Immedesimarsi in quella che oltre ad essere una tragedia per la mia famiglia, riverbera un dramma generazionale non se ne parla, vero, caro il mio premier?
E interrogare il ministro del Miur sui suoi silenzi – che diventano per caduta libera, complici – non se ne parla nemmeno, ovvio, no?
Già, vuoi mettere affrontare un problema così rognoso, con un secchio d’acqua gelata sulla testa che fa il giro del web?
Oggi Norman è il simbolo di un’intera generazione di studenti e precari, che non a caso è stata definita “Generazione Norman” o, diversamente, “Generazione no future”, le piaccia o no caro il mio premier.
Chiaramente lei, presidente, non sa di che diavolo io stia parlando.
La politica, purtroppo, fin qui non ha fatto altro che nascondere maldestramente la polvere sotto il tappeto, affinché nessuno la vedesse.
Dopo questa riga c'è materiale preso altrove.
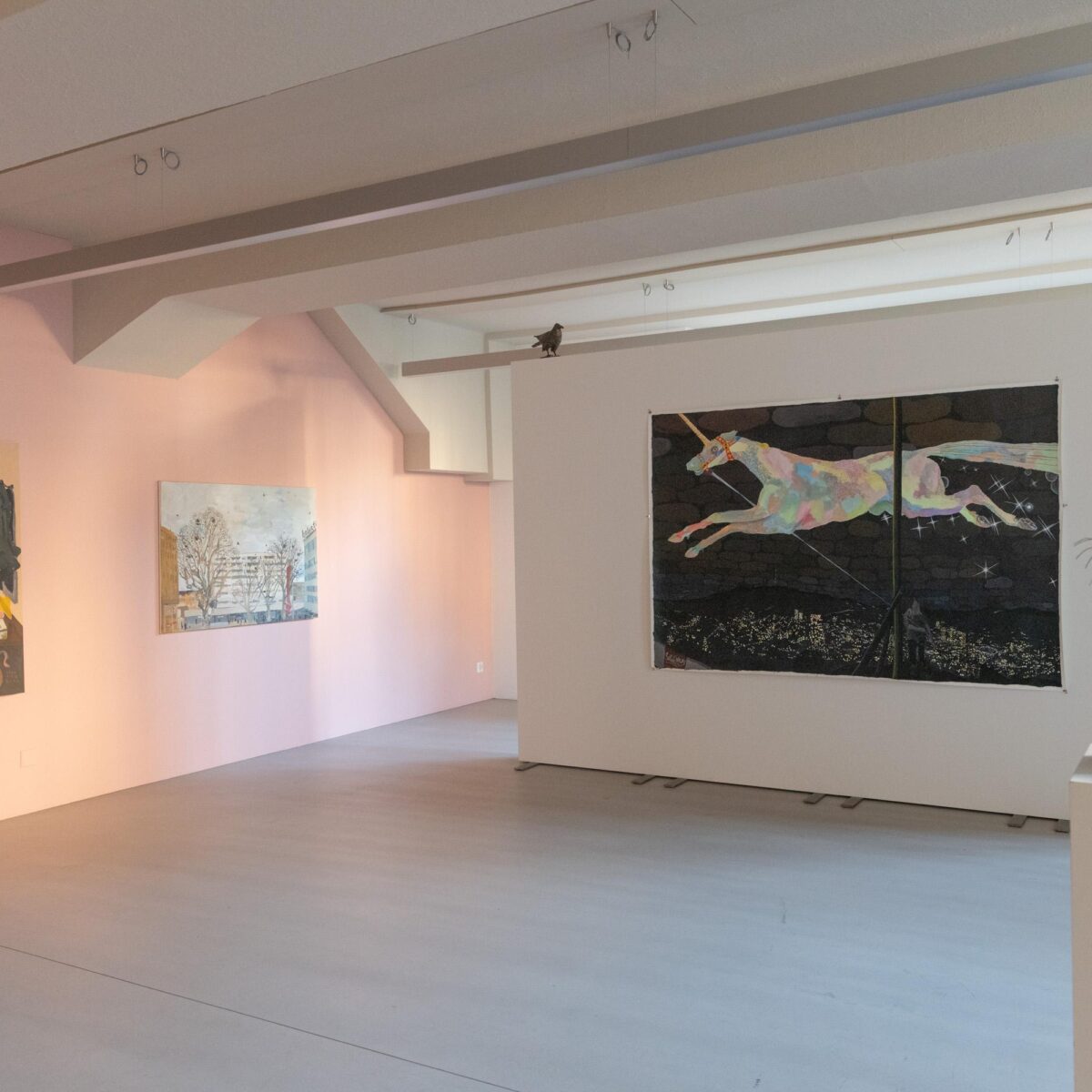 Malerduo Boskovic-Scarth – Oh lueg, en Wolf - Malerduo Boskovic-Scarth Françoise Funk-Salamí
Ma quella polvere è sempre lì, basta sollevare un lembo di “quel” tappeto per rimettere in circolo gli indesiderati granelli di pulviscolo
Nell’urlo accusatorio – ancora purtroppo inascoltato – di mio figlio contro i “padroni del Sapere”, i mafiosi di Stato, i nepotisti e i tagliagole legittimati dalle istituzioni, c’è tutta l’ingiustizia della quale è capace questa italietta ipocrita ‘di macerie e polvere’, ‘porca’ (per dirla con Vittorio Sereni), ‘buttanissima’ almeno quanto la Sicilia nella definizione di Pietrangelo Buttafuoco.
Un’italietta da avanspettacolo che fa sembrare i nani dei giganti, purtroppo generatrice di un sistema malato, deviato, che non tentenno a definire distampo mafioso.
Benvenuto a Palermo signor presidente, troverà un città pulita per l’occasione e la stampa parlerà di lei come un devoto del Beato Pino Puglisi; di un capo dell’esecutivo attento e disponibile.